Starting postgres (as user postgres) succeeded, but the role for me (as a
use and owner of most databases) seems to have become lost during the
transition.


How did you upgrade, dump/restore or pg_upgrade?

If dump/restore did you use pg_dumpall or pg_dump individual databases?

If pg_dump only did you use pg_dumpall -g to get the globals(of which 
roles are one) to restore the global values to the new cluster?




   I try to open a database and see this:

$ psql jerr2018-02-17 13:45:35.852 PST [5839] FATAL:  password 
authentication failed for user "rshepard"

2018-02-17 13:45:35.852 PST [5839] DETAIL:  Role "rshepard" does not exist.
 Connection matched pg_hba.conf line 80: "local   all 
all    md5"
2018-02-17 13:45:35.853 PST [5839] LOG:  could not send data to client: 
Broken pipe


   So I edited pg_hba.conf to change the method to 'trust' as I'm the only
user on this system. Ran /etc/rc.d/rc.postfix reload and see:

# /etc/rc.postgresql reload
Could not find 'postgres' binary. Maybe PostgreSQL is not installed 
properly?


What is in rc.postgresql?

Is there maybe another start script in etc/ for the new version?

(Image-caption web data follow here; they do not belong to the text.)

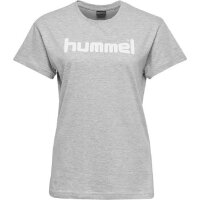 hummel GO Cotton T-Shirt Damen - grau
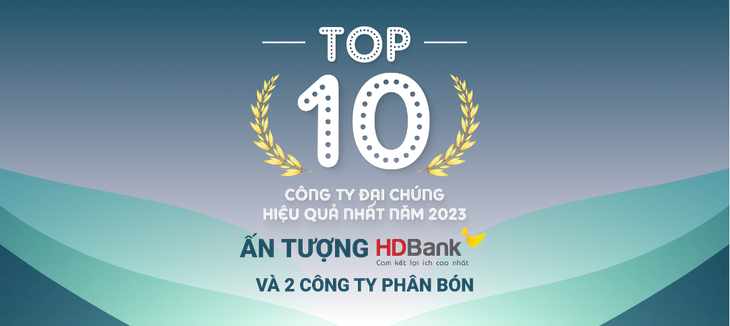 HDBank lọt top 10 công ty đại chúng hiệu quả nhất năm 2023 - Ảnh 1.
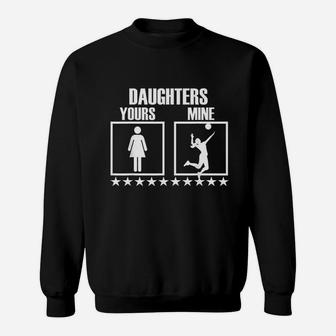 Volleyball Mom And Dad Gift For Volleyball Parent Sweatshirt | Crazezy DE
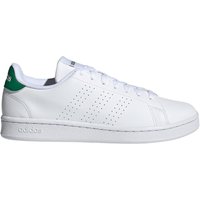 adidas Advantage Sneaker Herren 01F7 - ftwwht/ftwwht/green 41 1/3 von adidas Sportswear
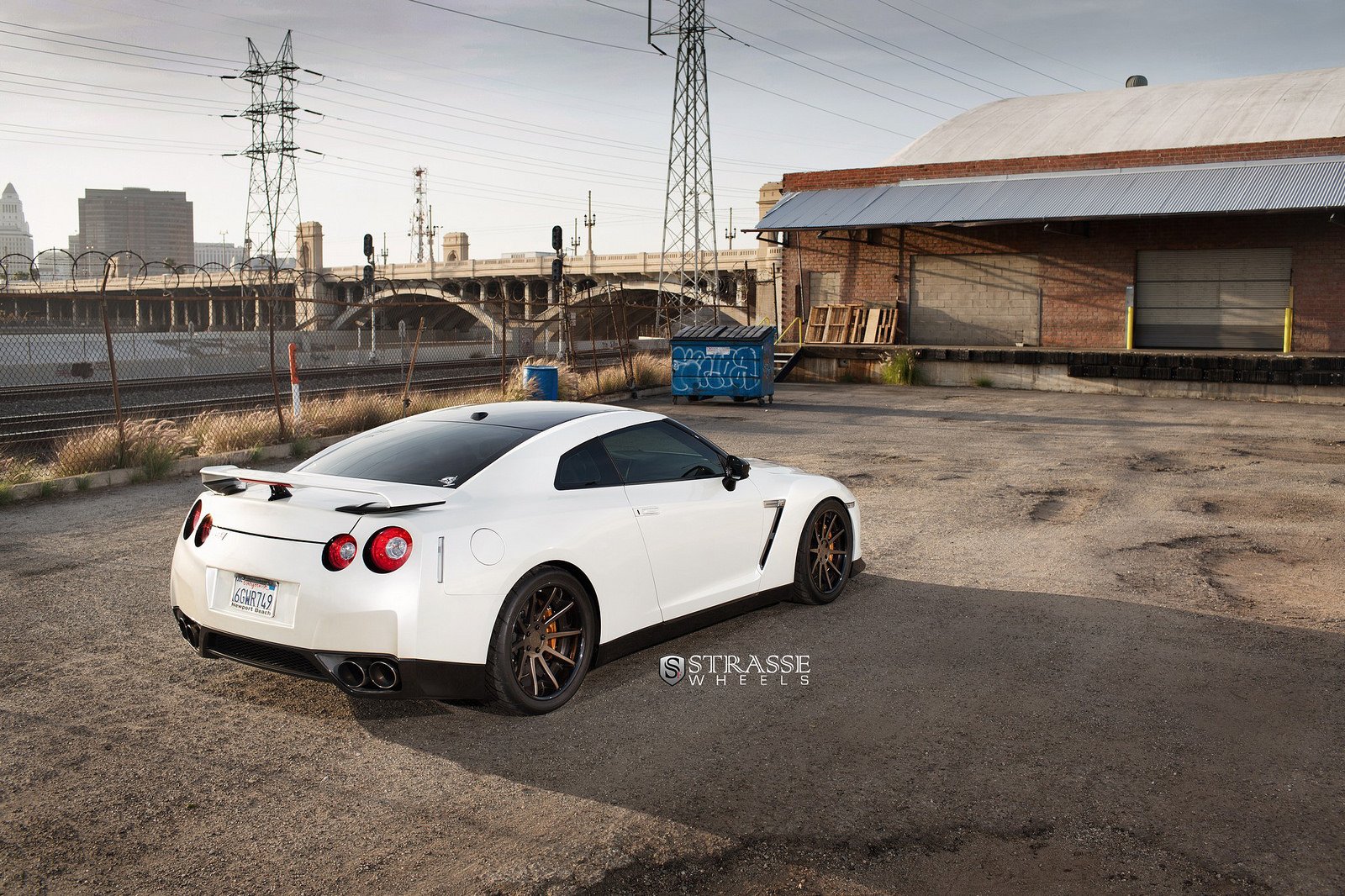 gtr, Nissan, Strasse, Tuning, Wheels, White Wallpaper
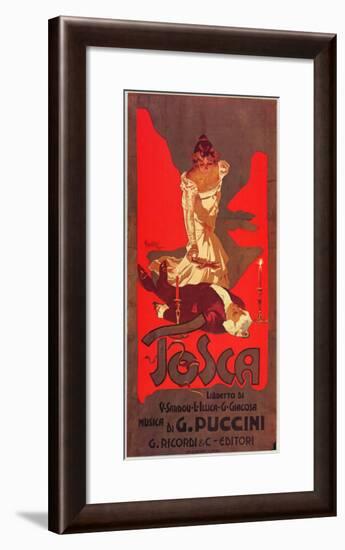 Puccini, Tosca-Adolfo Hohenstein-Framed Art Print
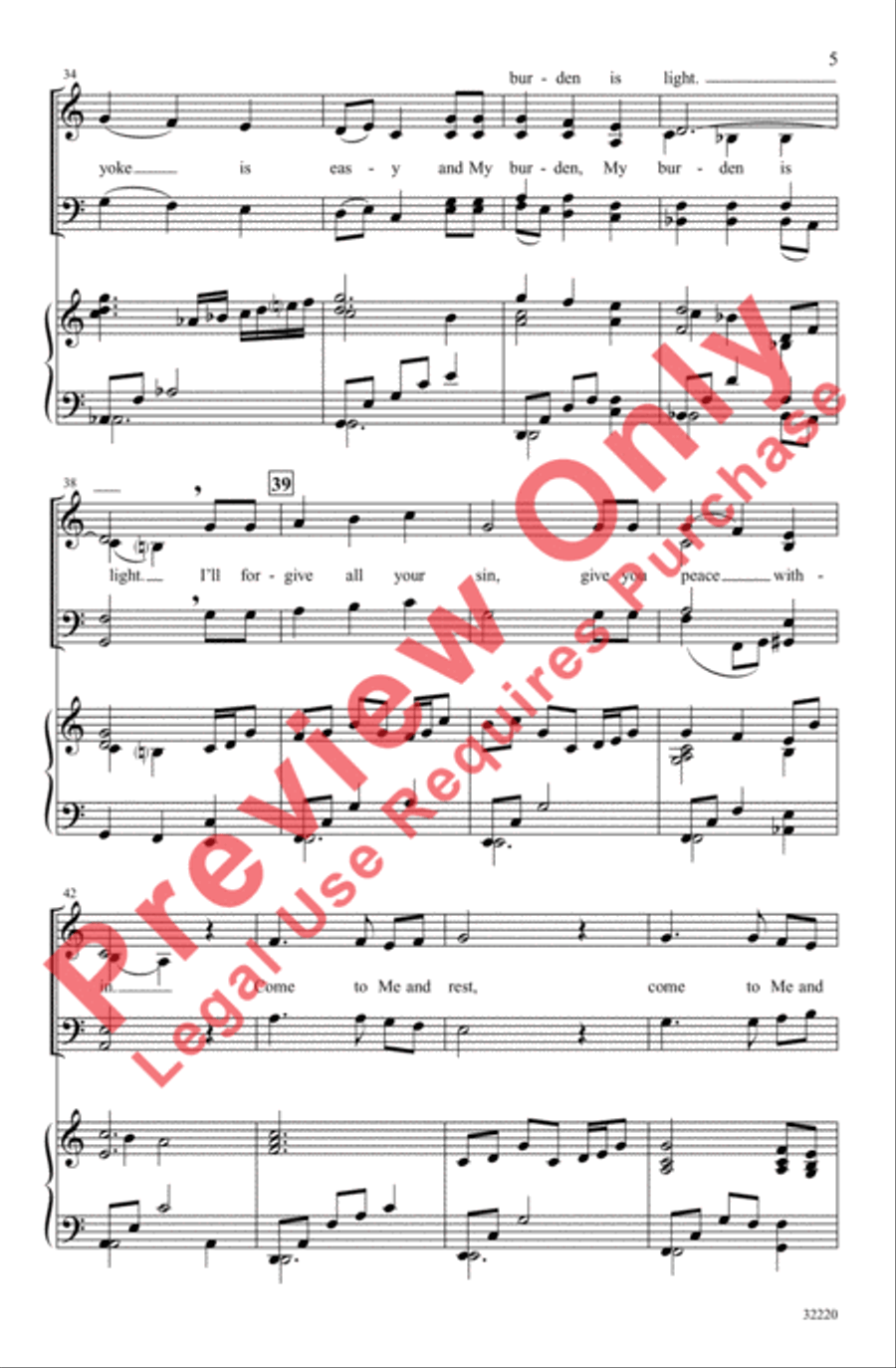 Rest 4-Part scores gallery preview page 5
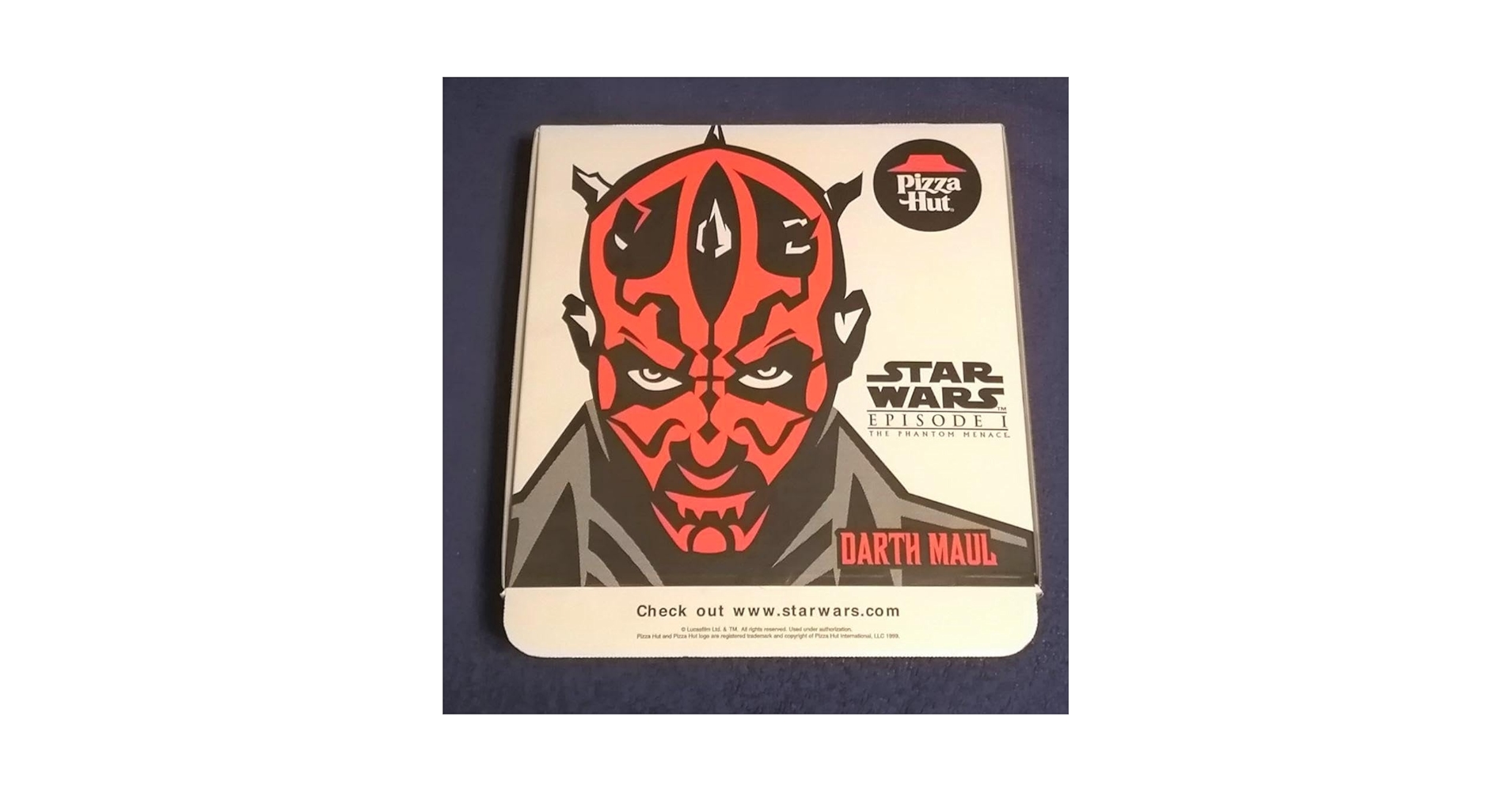スターウォーズ ダースモール ピザハット 1999年 箱 スターウォーズ ダースモール ピザハット 1999年 箱 - メルカリ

   $ ps ax | grep postgres
  5826 pts/0    S  0:00 postgres -D /var/lib/pgsql/10.2/data
  5828 ?    Ss 0:00 postgres: checkpointer process
  5829 ?    Ss 0:00 postgres: writer process
  5830 ?    Ss 0:00 postgres: wal writer process
  5831 ?    Ss 0:00 postgres: autovacuum launcher process
  5832 ?    Ss 0:00 postgres: stats collector process
  5833 ?    Ss 0:00 postgres: bgworker: logical replication 
launcher


   I would appreciate a pointer on what to check to determine why I cannot
reload postgres to see the changed pg_hba.conf and let me access my
databases.

Regards,

Rich







--
Adrian Klaver
adrian.kla...@aklaver.com



Re: Need to fix one more glitch in upgrade to -10.2

2018-02-17 Thread Rich Shepard

On Sat, 17 Feb 2018, Adrian Klaver wrote:


How did you upgrade, dump/restore or pg_upgrade?


Adrian,

  Ran 'pg_dumpall -c -f .sql' prior to doing anything. Then built,
installed the new version, upgraded rc.postgresql (only differences were
version numbers), and ran 'pg_upgrade ...' with the appropriate binary and
data directory paths.


What is in rc.postgresql? Is there maybe another start script in etc/ for
the new version?


  Nope. One script per application.

/etc/rc.d/rc.postgresql:

#!/bin/bash

# PostgreSQL startup script for Slackware Linux
#
# $Revision$
# $Date$
#
# Copyright 2007-2018 Adis Nezirovic 
# All rights reserved.
#
# Redistribution and use of this script, with or without modification, is
# permitted provided that the following conditions are met:
#
# 1. Redistributions of this script must retain the above copyright
#notice, this list of conditions and the following disclaimer.
#
#  THIS SOFTWARE IS PROVIDED BY THE AUTHOR "AS IS" AND ANY EXPRESS OR IMPLIED
#  WARRANTIES, INCLUDING, BUT NOT LIMITED TO, THE IMPLIED WARRANTIES OF
#  MERCHANTABILITY AND FITNESS FOR A PARTICULAR PURPOSE ARE DISCLAIMED.  IN NO
#  EVENT SHALL THE AUTHOR BE LIABLE FOR ANY DIRECT, INDIRECT, INCIDENTAL,
#  SPECIAL, EXEMPLARY, OR CONSEQUENTIAL DAMAGES (INCLUDING, BUT NOT LIMITED TO,
#  PROCUREMENT OF SUBSTITUTE GOODS OR SERVICES; LOSS OF USE, DATA, OR PROFITS;
#  OR BUSINESS INTERRUPTION) HOWEVER CAUSED AND ON ANY THEORY OF LIABILITY,
#  WHETHER IN CONTRACT, STRICT LIABILITY, OR TORT (INCLUDING NEGLIGENCE OR
#  OTHERWISE) ARISING IN ANY WAY OUT OF THE USE OF THIS SOFTWARE, EVEN IF
#  ADVISED OF THE POSSIBILITY OF SUCH DAMAGE.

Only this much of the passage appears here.